Can it be made more efficiently without iterating over all the factors?

An algorithm that comes to my mind is, starting with $a_i = 0$,

Find the smallest number $n_i$ that divides $p_i^{a_i+1}$ and also divides all the $p_j^{a_j}$, then I increase $a_i$ and repeat until we have the exact factorization of $n_i$.
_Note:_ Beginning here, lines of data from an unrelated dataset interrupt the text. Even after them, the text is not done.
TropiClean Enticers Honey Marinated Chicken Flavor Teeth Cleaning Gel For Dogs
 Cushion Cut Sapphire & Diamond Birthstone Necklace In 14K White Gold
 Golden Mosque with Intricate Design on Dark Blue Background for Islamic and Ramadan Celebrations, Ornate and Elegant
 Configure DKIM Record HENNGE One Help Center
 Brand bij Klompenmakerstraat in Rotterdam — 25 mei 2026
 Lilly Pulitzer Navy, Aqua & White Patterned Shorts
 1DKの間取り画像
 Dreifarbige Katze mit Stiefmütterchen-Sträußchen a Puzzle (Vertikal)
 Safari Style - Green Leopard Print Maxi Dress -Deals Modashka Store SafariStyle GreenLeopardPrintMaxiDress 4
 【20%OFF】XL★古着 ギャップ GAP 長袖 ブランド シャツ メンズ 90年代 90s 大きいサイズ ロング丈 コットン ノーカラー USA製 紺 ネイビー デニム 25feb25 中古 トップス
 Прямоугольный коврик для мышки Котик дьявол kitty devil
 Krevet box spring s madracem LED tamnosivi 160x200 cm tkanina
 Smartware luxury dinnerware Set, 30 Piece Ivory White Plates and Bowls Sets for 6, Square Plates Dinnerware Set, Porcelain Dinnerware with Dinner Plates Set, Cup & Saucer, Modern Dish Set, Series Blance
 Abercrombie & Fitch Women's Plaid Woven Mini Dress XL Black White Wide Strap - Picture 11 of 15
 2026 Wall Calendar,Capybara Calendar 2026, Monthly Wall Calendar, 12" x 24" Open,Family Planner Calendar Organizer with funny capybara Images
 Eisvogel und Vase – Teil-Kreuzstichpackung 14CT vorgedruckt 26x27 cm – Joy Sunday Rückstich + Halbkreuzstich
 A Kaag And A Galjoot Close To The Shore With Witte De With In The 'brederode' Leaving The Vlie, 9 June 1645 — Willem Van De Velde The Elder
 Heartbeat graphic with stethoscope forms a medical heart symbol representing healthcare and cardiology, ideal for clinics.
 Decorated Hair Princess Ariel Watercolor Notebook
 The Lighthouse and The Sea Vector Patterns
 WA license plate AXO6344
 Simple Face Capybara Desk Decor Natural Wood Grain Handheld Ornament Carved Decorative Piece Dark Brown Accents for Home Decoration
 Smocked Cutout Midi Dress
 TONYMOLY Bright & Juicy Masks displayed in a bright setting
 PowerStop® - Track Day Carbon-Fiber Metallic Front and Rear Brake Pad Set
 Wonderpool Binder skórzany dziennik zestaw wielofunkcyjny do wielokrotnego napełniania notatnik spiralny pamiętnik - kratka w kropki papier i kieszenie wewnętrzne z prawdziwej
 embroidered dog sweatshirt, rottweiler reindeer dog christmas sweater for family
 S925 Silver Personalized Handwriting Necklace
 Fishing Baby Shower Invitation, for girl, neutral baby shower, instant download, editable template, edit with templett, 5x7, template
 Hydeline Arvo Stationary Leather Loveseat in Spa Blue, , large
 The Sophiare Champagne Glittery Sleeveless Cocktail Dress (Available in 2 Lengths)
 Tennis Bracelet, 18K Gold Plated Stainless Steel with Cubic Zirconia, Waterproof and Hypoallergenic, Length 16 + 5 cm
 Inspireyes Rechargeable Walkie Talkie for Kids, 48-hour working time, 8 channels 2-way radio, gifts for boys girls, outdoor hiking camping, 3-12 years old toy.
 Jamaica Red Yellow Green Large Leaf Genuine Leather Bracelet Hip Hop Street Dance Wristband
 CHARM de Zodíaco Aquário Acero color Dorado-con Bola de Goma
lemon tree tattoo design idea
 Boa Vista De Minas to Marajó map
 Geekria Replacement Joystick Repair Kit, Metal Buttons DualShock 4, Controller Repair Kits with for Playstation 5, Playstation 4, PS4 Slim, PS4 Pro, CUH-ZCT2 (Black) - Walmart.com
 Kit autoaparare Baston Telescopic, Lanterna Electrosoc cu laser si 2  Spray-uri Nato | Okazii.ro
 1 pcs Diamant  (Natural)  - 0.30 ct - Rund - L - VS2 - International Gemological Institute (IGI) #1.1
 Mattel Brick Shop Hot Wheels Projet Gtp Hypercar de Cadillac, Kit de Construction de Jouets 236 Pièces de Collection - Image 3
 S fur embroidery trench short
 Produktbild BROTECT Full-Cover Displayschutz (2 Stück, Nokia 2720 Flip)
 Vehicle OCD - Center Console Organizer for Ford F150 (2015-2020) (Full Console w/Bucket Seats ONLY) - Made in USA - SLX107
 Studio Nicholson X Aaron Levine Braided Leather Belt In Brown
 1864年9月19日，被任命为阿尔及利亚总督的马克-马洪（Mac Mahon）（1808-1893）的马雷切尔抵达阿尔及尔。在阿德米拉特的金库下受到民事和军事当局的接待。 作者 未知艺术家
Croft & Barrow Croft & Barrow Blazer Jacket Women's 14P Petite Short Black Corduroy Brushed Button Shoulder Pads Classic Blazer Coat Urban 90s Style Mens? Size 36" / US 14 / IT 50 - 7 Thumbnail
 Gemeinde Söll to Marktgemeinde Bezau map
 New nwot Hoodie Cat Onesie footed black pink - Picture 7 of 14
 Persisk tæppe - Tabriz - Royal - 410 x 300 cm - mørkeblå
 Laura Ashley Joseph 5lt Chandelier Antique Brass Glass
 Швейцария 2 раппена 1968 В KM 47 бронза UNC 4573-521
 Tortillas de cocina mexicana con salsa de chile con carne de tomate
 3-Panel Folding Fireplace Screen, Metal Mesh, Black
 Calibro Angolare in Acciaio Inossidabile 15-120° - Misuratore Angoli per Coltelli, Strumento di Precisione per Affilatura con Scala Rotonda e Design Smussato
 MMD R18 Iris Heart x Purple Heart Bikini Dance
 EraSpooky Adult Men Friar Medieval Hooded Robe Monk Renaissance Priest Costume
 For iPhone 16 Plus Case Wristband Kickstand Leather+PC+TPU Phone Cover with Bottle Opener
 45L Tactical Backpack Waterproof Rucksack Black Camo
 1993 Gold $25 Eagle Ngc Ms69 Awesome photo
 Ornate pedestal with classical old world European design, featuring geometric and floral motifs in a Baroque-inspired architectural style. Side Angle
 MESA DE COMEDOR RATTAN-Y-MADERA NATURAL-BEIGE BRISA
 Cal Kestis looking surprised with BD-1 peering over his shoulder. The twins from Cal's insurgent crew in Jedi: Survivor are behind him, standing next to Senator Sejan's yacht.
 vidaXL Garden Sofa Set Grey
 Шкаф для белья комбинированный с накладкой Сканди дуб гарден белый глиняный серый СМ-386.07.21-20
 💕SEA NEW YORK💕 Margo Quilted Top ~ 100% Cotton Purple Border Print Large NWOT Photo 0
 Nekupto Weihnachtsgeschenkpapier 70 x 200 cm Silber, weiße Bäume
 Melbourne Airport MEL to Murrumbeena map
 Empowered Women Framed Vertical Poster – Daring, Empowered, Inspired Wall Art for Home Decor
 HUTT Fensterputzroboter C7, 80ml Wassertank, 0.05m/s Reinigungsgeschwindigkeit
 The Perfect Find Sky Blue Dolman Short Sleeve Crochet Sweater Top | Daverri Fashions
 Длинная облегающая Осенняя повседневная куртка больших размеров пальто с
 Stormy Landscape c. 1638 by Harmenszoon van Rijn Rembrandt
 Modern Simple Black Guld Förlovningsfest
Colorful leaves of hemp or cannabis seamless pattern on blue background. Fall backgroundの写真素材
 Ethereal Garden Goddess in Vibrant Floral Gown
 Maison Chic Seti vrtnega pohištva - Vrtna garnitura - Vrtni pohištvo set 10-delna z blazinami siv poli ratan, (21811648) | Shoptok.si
For the factor generation, what is the complexity, if we have one factor it is clear to be $O(s)$, if we have all the primes under $\sqrt{p}$ I think it will be $O(s \log(s))$, like the sieve Eratosthenes. The later does at most $log(s)$ iterations and each iteration requires to find the minimum of $\pi(B)$ candidates, thus $\pi(B) \log(s)$, that if we take $B=s$, and approximate $\pi(s) \approx s/\log(s)$, we reduce the complexity to $O(s)$

My main questions are

• Is the process correct (or I missed something in my reasoning)?

• What would be the complexity for the factor set algorithm?

• Are there standard algorithms for this problem?